▶ YOUR ASSIGNMENT
Your answer should hold only the lines from the one with "Иллюстрация 1" through the end of the records, repeated exactly and minus any pictures.

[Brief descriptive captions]
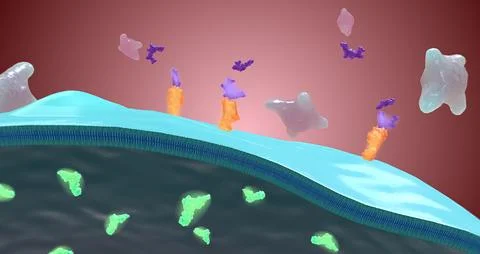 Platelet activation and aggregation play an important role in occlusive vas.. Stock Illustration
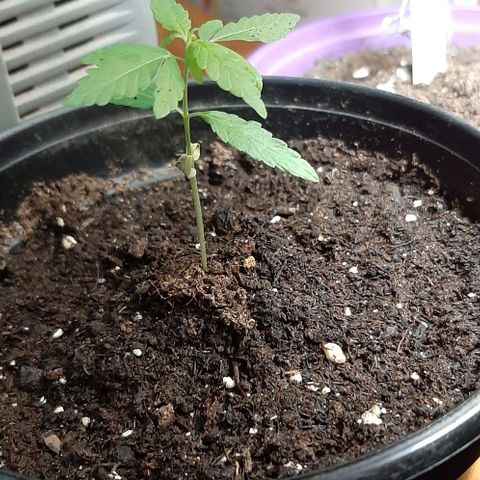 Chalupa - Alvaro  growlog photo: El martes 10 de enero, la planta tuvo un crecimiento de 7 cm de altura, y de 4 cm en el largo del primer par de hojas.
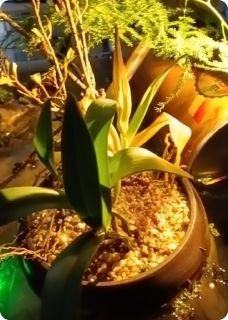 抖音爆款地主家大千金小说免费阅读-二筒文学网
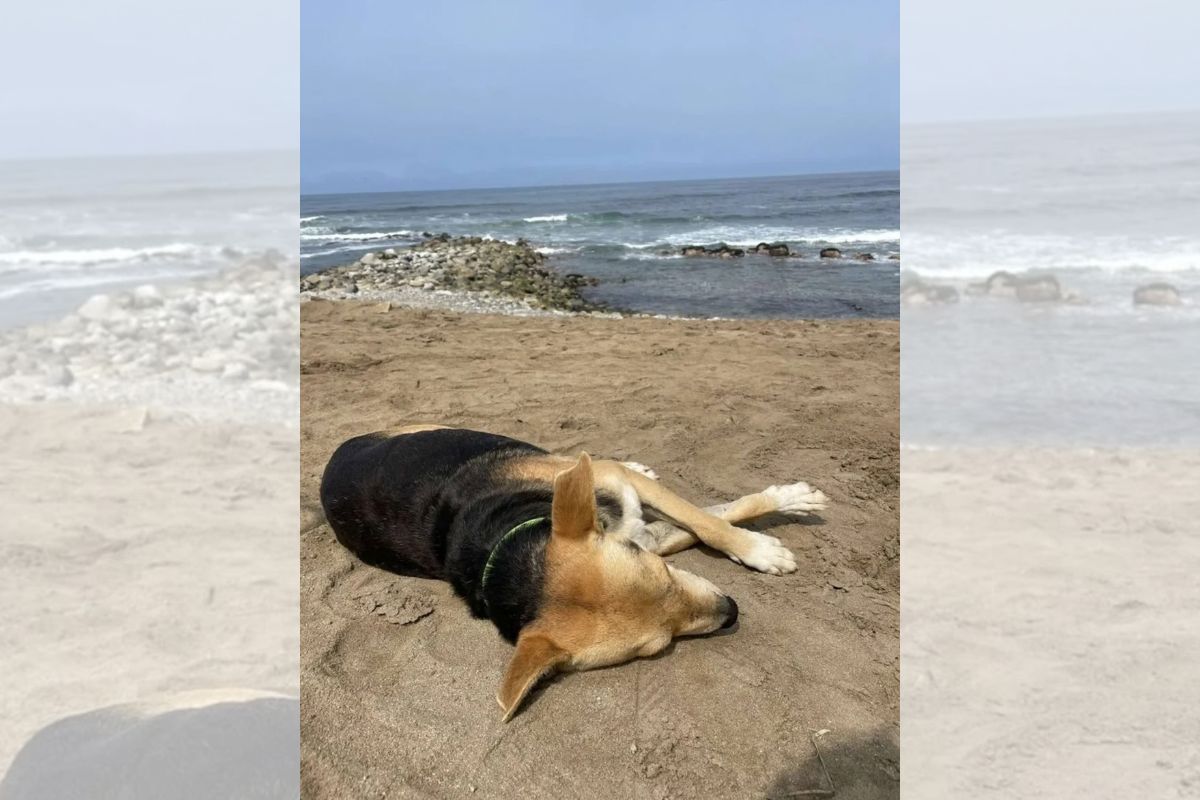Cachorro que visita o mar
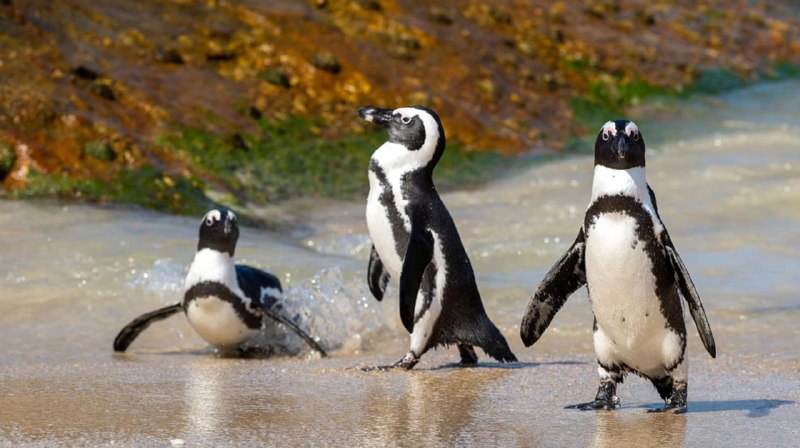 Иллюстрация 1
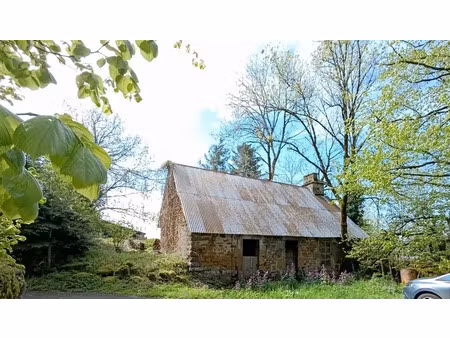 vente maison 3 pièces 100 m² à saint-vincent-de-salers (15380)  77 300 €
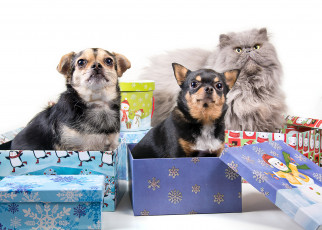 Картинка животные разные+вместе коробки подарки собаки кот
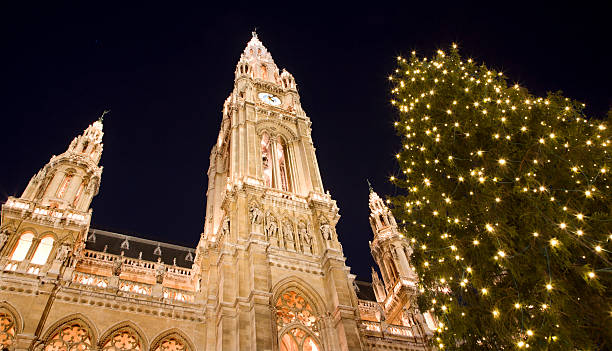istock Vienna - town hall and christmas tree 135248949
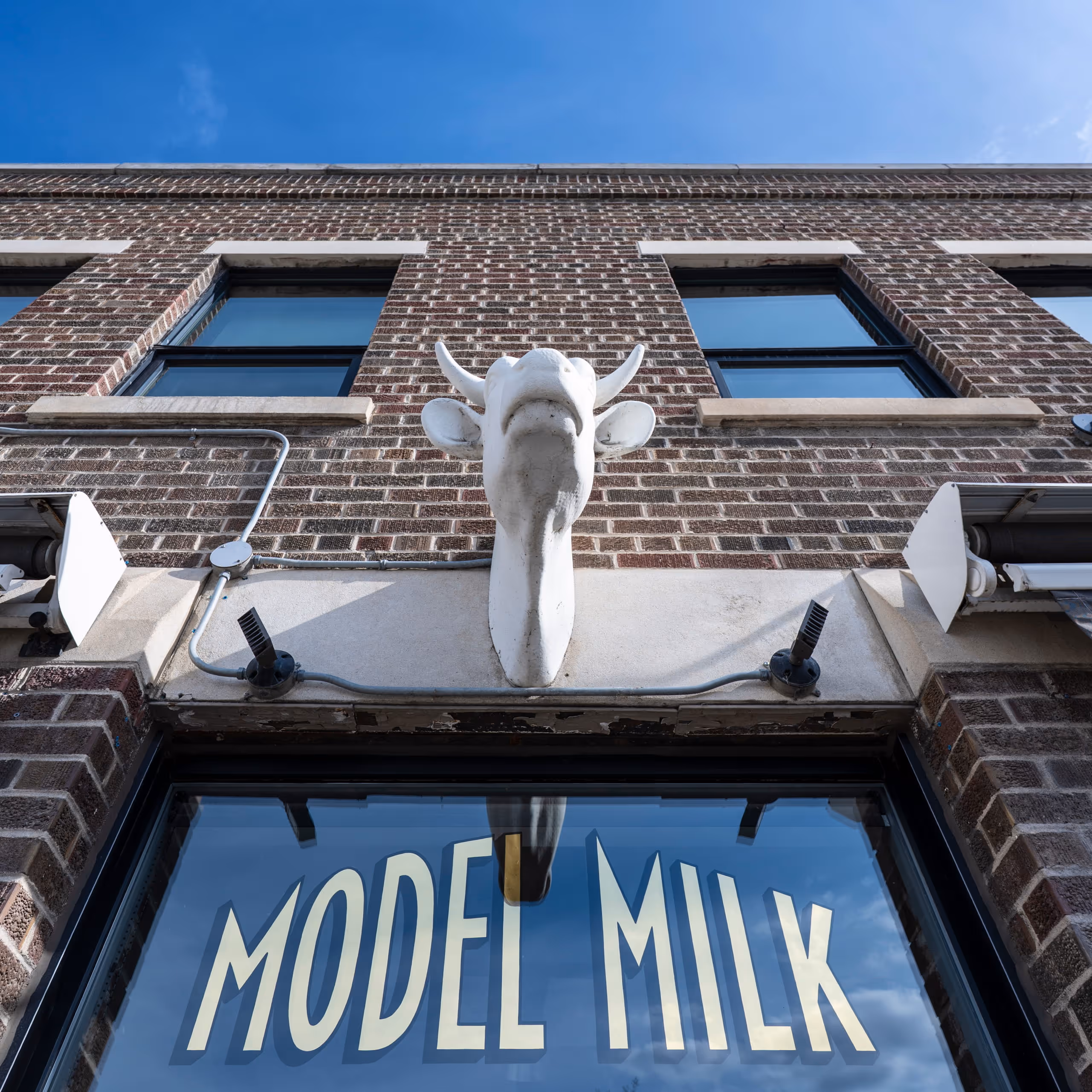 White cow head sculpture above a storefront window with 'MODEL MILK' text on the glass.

▶ WRITTEN RESPONSE
 Иллюстрация 1
 vente maison 3 pièces 100 m² à saint-vincent-de-salers (15380)  77 300 €
 Картинка животные разные+вместе коробки подарки собаки кот
istock Vienna - town hall and christmas tree 135248949
 White cow head sculpture above a storefront window with 'MODEL MILK' text on the glass.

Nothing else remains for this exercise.